Reputation: 2170
I have a dataset ds
like this:
ds.show():
id1 | id2 | id3 | value |
1 | 1 | 2 | tom |
1 | 1 | 2 | tim |
1 | 3 | 2 | tom |
1 | 3 | 2 | tom |
2 | 1 | 2 | mary |
I want to remove all duplicate rows (i.e. row 1 and row 2) for the given keys (id1,id2,id3)
, but at the same time only keep one row for duplicated rows with same value (i.e. row 3 and row 4). The expected output is:
id1 | id2 | id3 | value |
1 | 3 | 2 | tom |
2 | 1 | 2 | mary |
here I should remove row 1 and row 2 because we have 2 values for the key group. But we keep only one row for row 3 and row 4 because the value is the same (instead of removing these two rows)
I try to achieve this using:
val df = Seq(
(1, 1, 2, "tom"),
(1, 1, 2, "tim"),
(1, 3, 2, "tom"),
(1, 3, 2, "tom"),
(2, 1, 2, "mary")
).toDF("id1", "id2", "id3", "value")
val window = Window.partitionBy("id1", "id2", "id3")
df.withColumn("count", count("value").over(window))
.filter($"count" < 2)
.drop("count")
.show(false)
Here is the related question: Spark: remove all duplicated lines
But it's not working as expected because it will remove all the duplicated rows.

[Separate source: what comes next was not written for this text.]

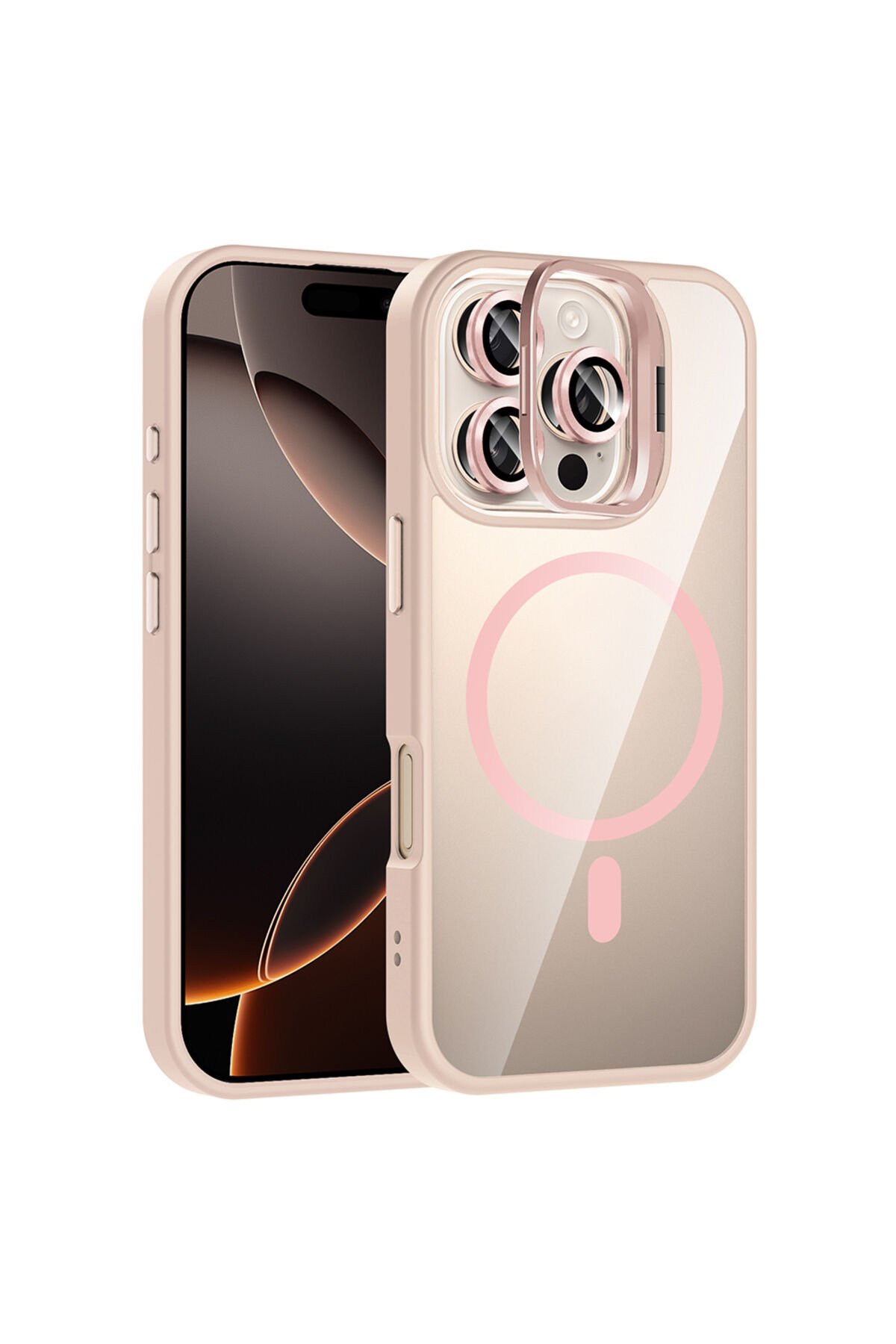 iPhone 16 Pro Kılıf Standlı ve Kamera Lens Hediyeli M-Safe Şarj Özellikli HRMN Etro Kapak - Pembe Pembe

The reason that I want to do this is to join with another dataset, and not adding information from this dataset when we have multiple names for a same key group
Upvotes: 1
Views: 581
Reputation: 13581
You can distinct
to get the only one row when it is duplicated.
df.distinct
.withColumn("count", count("value").over(window))
.filter($"count" < 2)
.drop("count")
.show(false)
+---+---+---+-----+
|id1|id2|id3|value|
+---+---+---+-----+
|1 |3 |2 |tom |
|2 |1 |2 |mary |
+---+---+---+-----+
You can also use the groupBy
method.
df.groupBy("id1", "id2", "id3", "value")
.agg(first("col1").as("col1"), ...)
.withColumn("count", count("value").over(window))
.filter($"count" < 2)
.drop("count")
.show(false)
Upvotes: 0
Reputation: 23119
You can drop duplicates before grouping, which gives you single record as below
df.dropDuplicates()
.withColumn("count", count("value").over(window))
.filter($"count" < 2)
.drop("count")
.show(false)
You can also specify the fields to be checked for duplicate as
df.dropDuplicates("id1", "id2", "id3", "value")
.withColumn("count", count("value").over(window))
.filter($"count" < 2)
.drop("count")
.show(false)
Output:
+---+---+---+-----+
|id1|id2|id3|value|
+---+---+---+-----+
|1 |3 |2 |tom |
|2 |1 |2 |mary |
+---+---+---+-----+
Upvotes: 2